- _RECORDS SUPPLIED_:
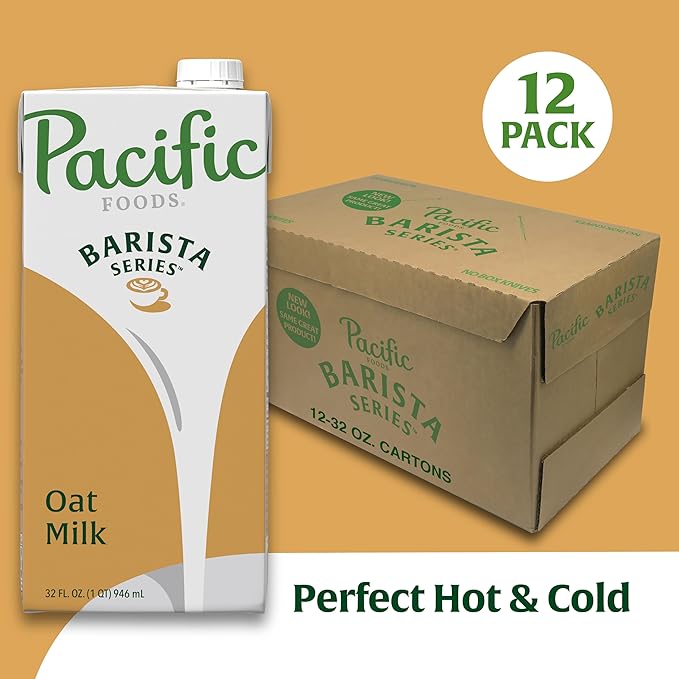 Pacific Foods Barista Series Original Oat Milk, Plant Based Milk, 32 oz Carton (Case of 12)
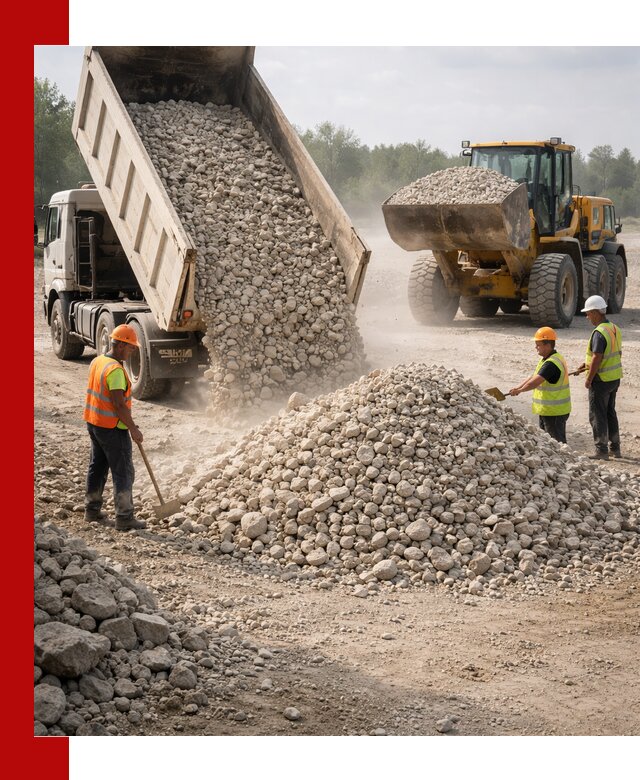 Доставка известнякового щебня фр. 40-70 в Озёрске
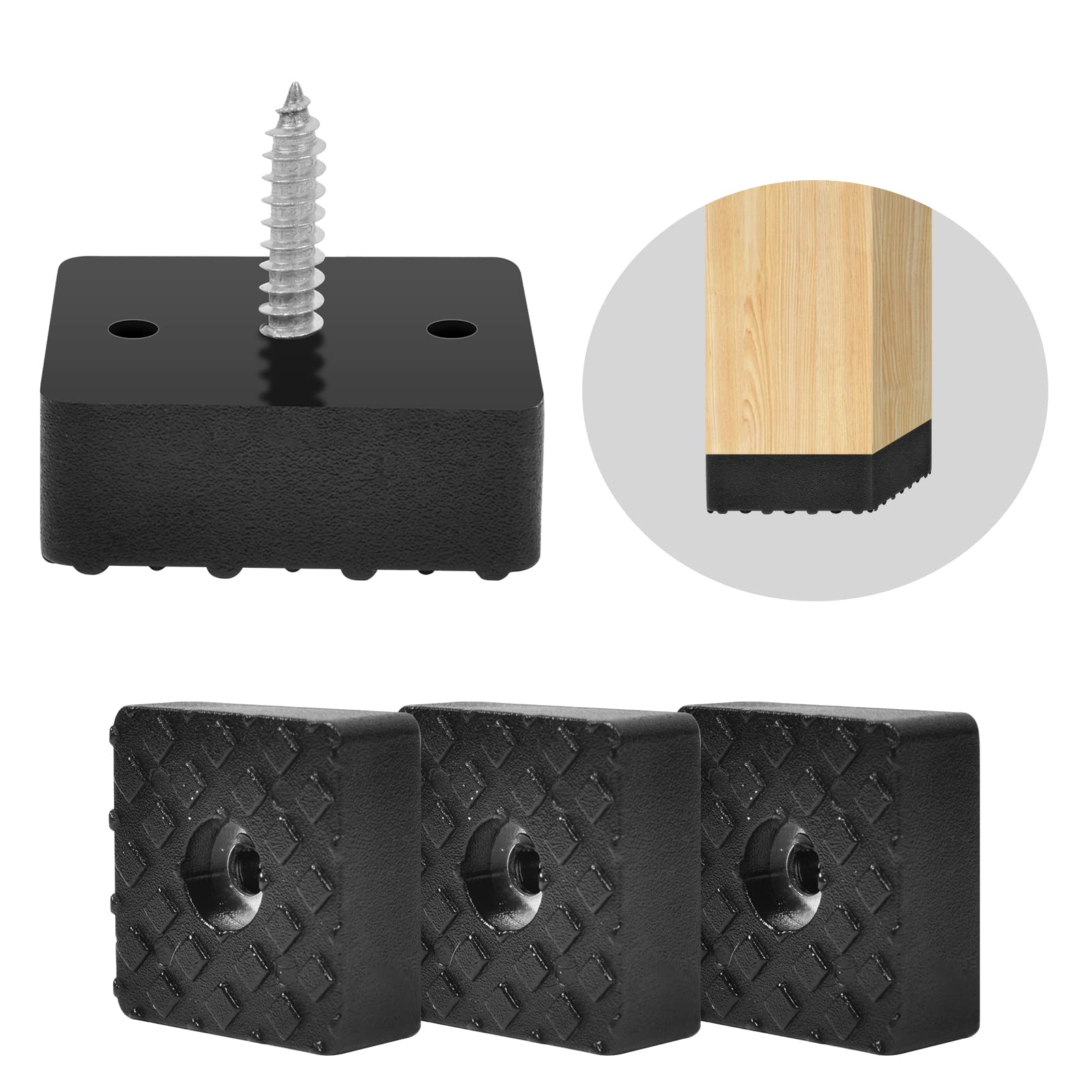 20 Pack Set, Chair Leg Floor Protectors with Felt Pads for Furniture Feet, Non Slip Rubber Feet for Furniture, for Wood Tile Laminate and Vinyl Floors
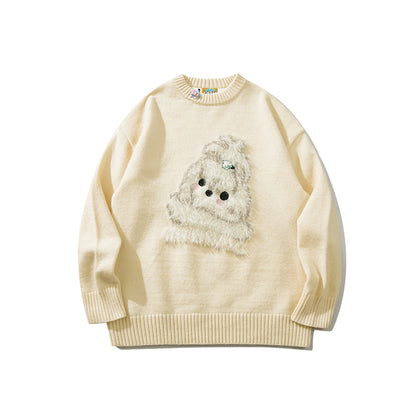 BIGGOLD American New Year Flocked Cute Dog Red Sweater for Women, Autumn/Winter Couple Round Neck Knit Top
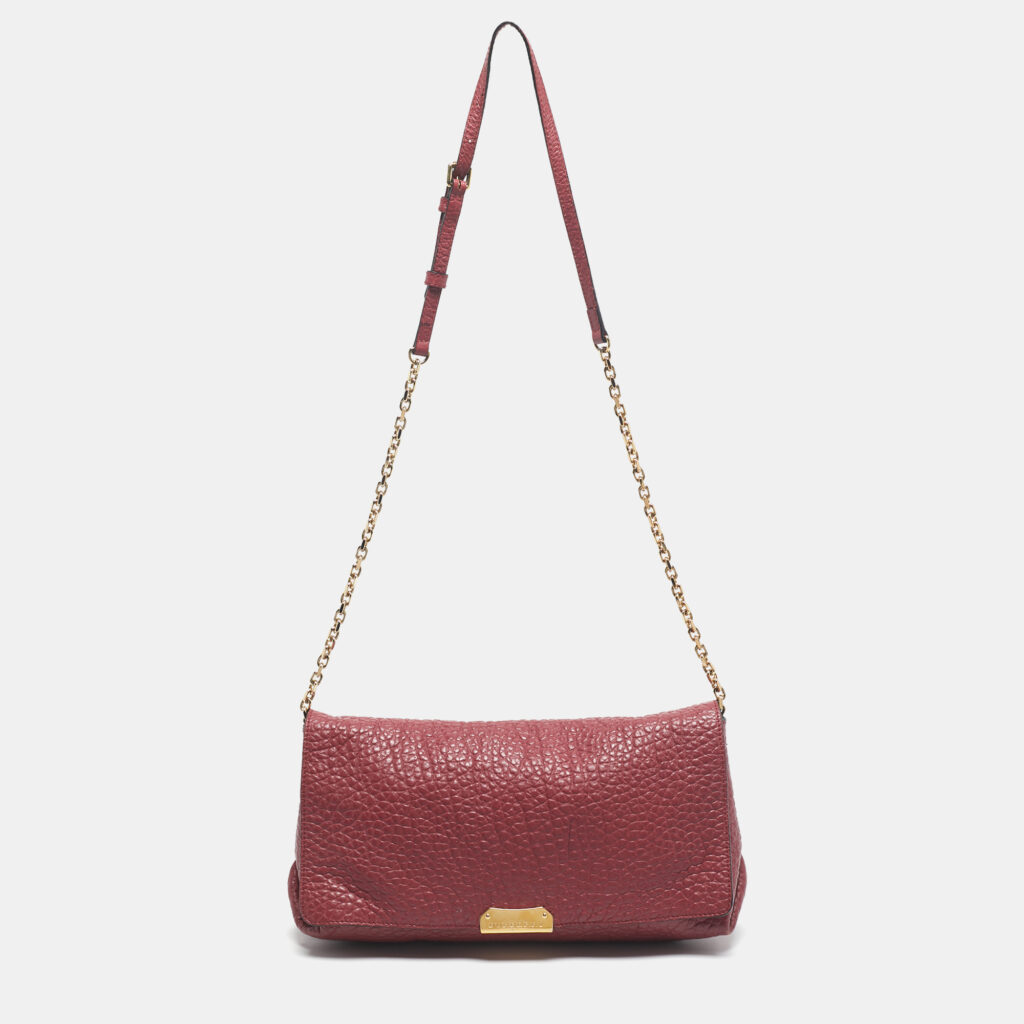 Burberry Red Pebbled Leather Mildenhall Shoulder Bag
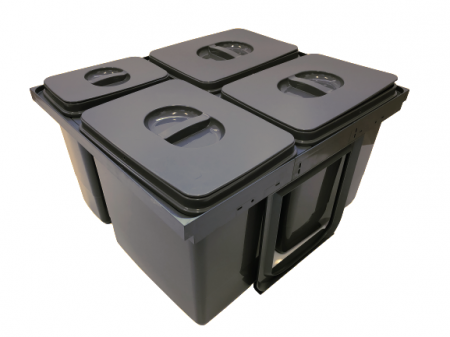 Bucatarie - Cos de gunoi Jazz 60 incorporabil, colectare selectiva, 3 compartimente x15 litri si 1x7 litri, H300 mm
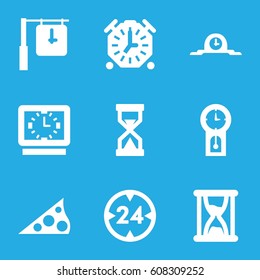 Hour icons set. set of 9 hour filled icons such as sundial, 24 hour, hourglass, clock, pendulum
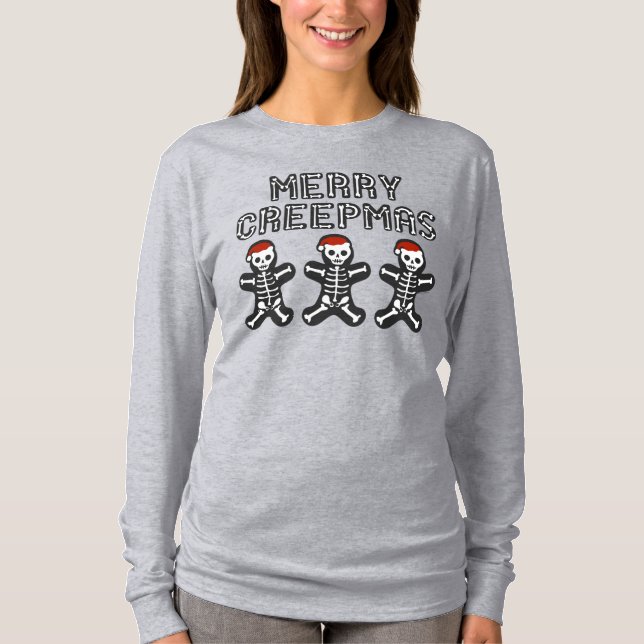 Camiseta Merry Creepmas Skeleton Gingerbread Men (Anverso)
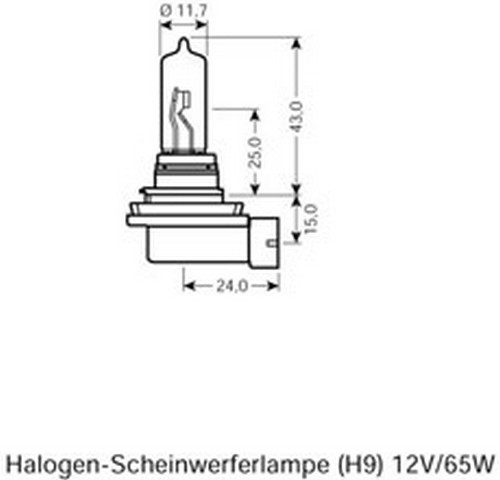 AMPUL 12V.H9 65W HALOJEN SİS 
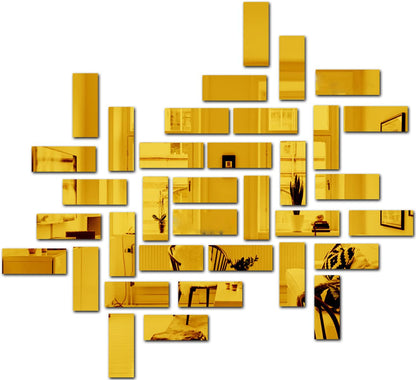 35 golden acrylic rectangle mirror stickers, self-adhesive, safe & shiny.
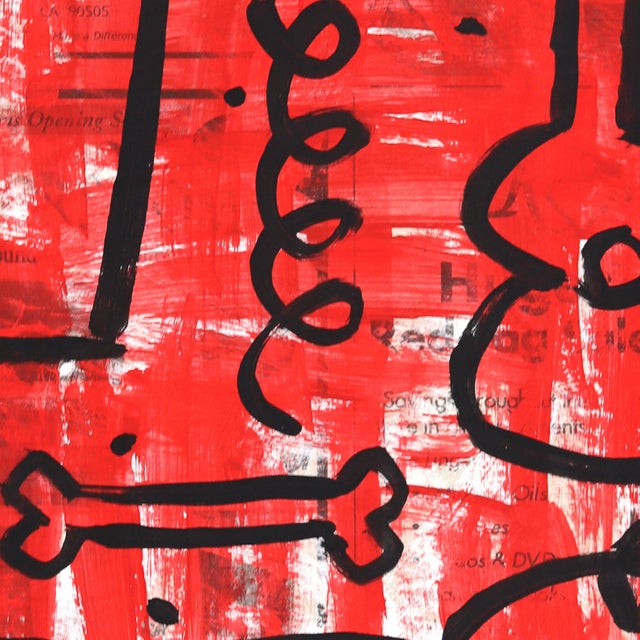 Contemporary Skeleton Strums - Original Pop Street Art Acrylic Painting on Newspaper by Gary John For Sale - Image 3 of 6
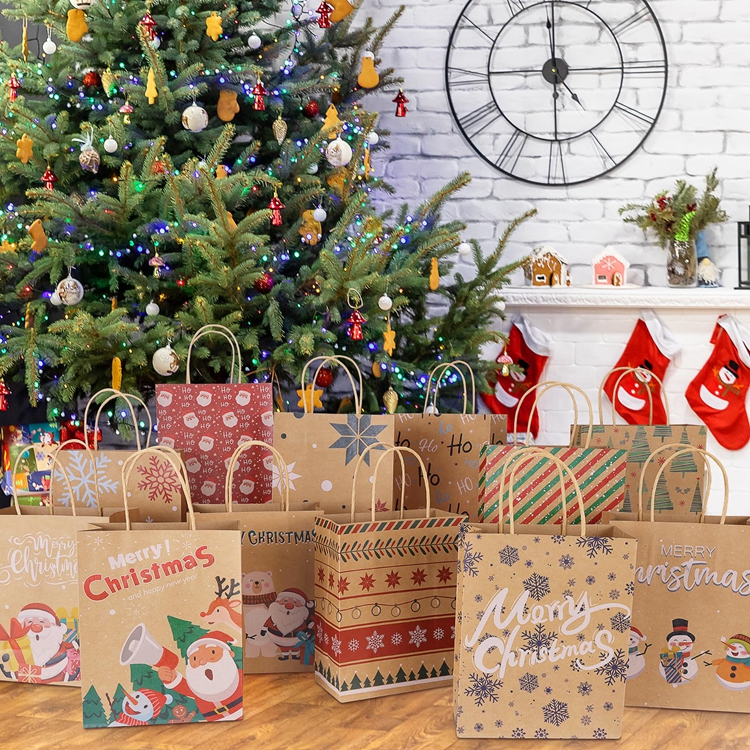 Gravure Printing Customized Bio-Degradable Kraft Paper Bag for Merry Christmas Parties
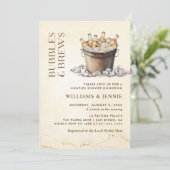 ウォータカラーバブル&ブライトカップルブライダルシャワー 招待状 (スタンド正面)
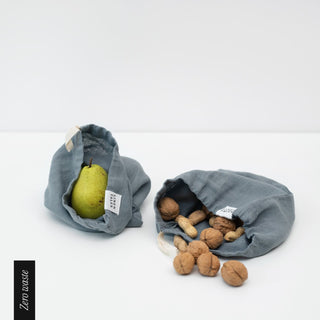 Zero Waste Blue Fog Linen Drawstring Bags Set of 3 3
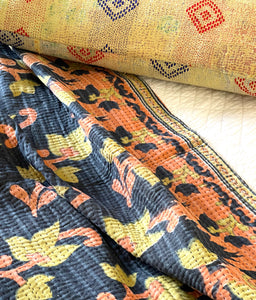 Vintage Sari Kantha Quilt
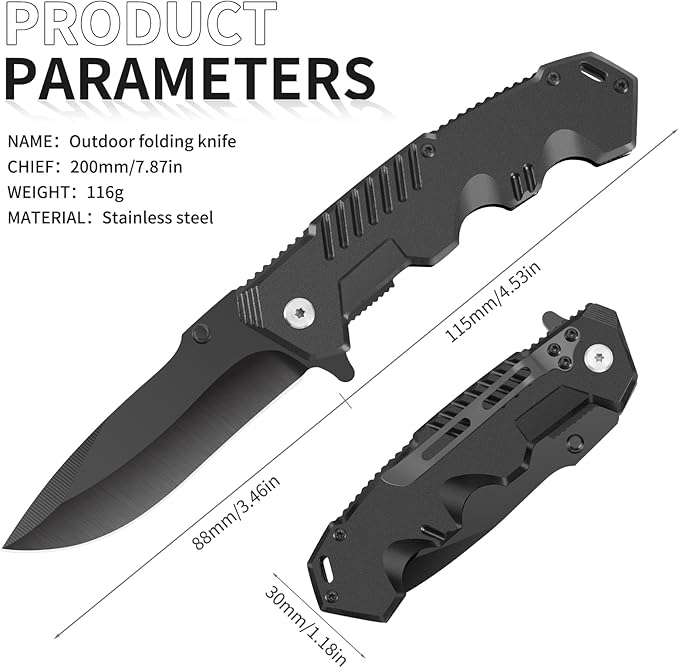 Tactical Folding Knife, 4-Pack, 4.3 Inch, EDC Outdoor Camping, Security Lock, Pocket Clip (4)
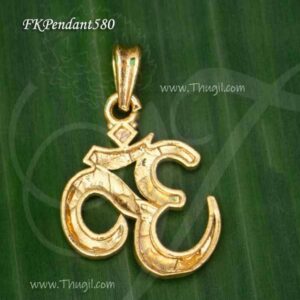 Om Small Size Pendant Gold Plated Dollar 0.9 inches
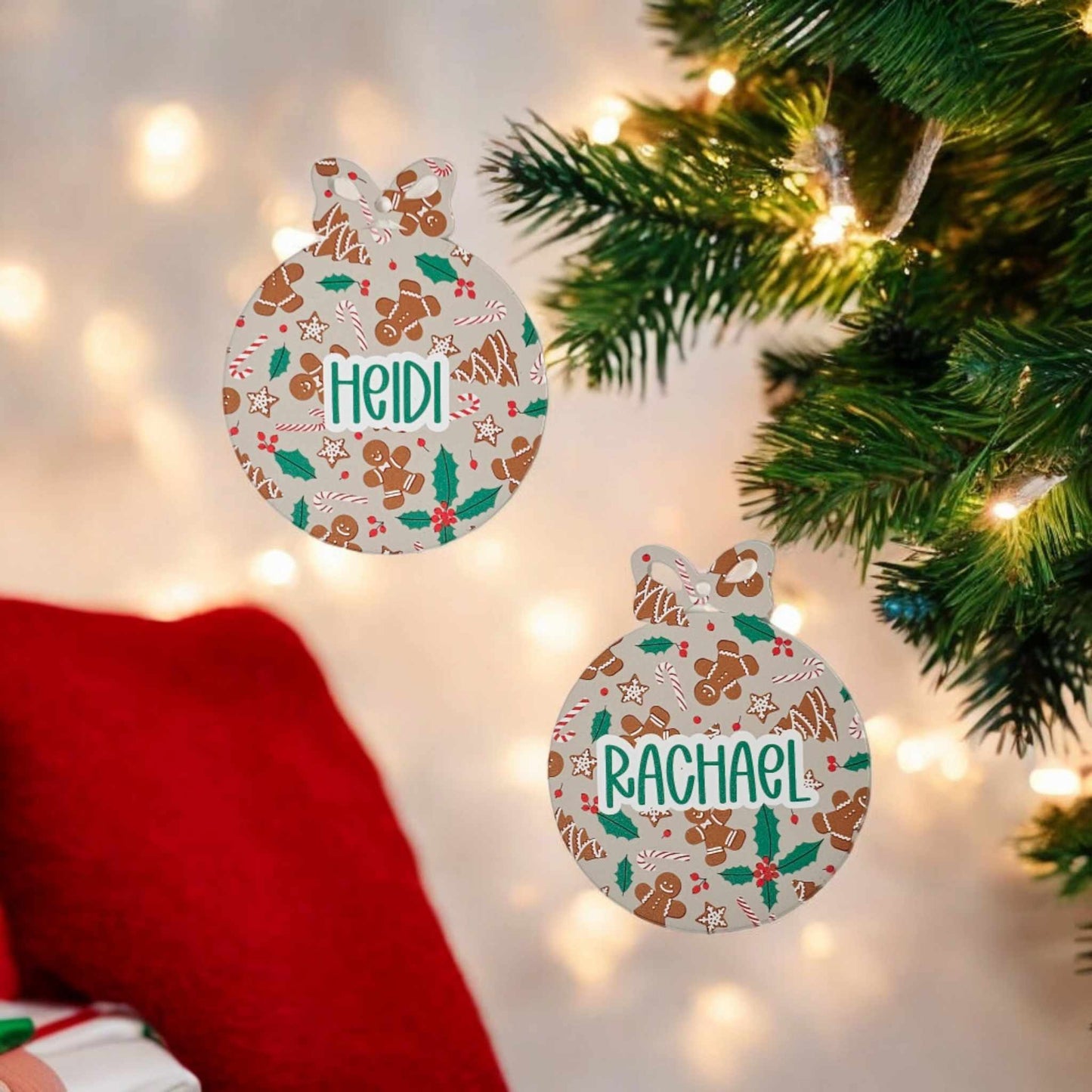 3.6" x 3" Acrylic Bow Bauble with Gingerbread and Holly Leaf Print | UV Printed | 3mm Thick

- _WHAT YOU ARE ASKED TO DO_:
With pictures left out, print the lines of the material above from the line containing "Tactical Folding Knife, 4-Pack, 4.3" through its last line, exactly and nothing more.

- _TASK OUTPUT_:
 Tactical Folding Knife, 4-Pack, 4.3 Inch, EDC Outdoor Camping, Security Lock, Pocket Clip (4)
 Om Small Size Pendant Gold Plated Dollar 0.9 inches
 3.6" x 3" Acrylic Bow Bauble with Gingerbread and Holly Leaf Print | UV Printed | 3mm Thick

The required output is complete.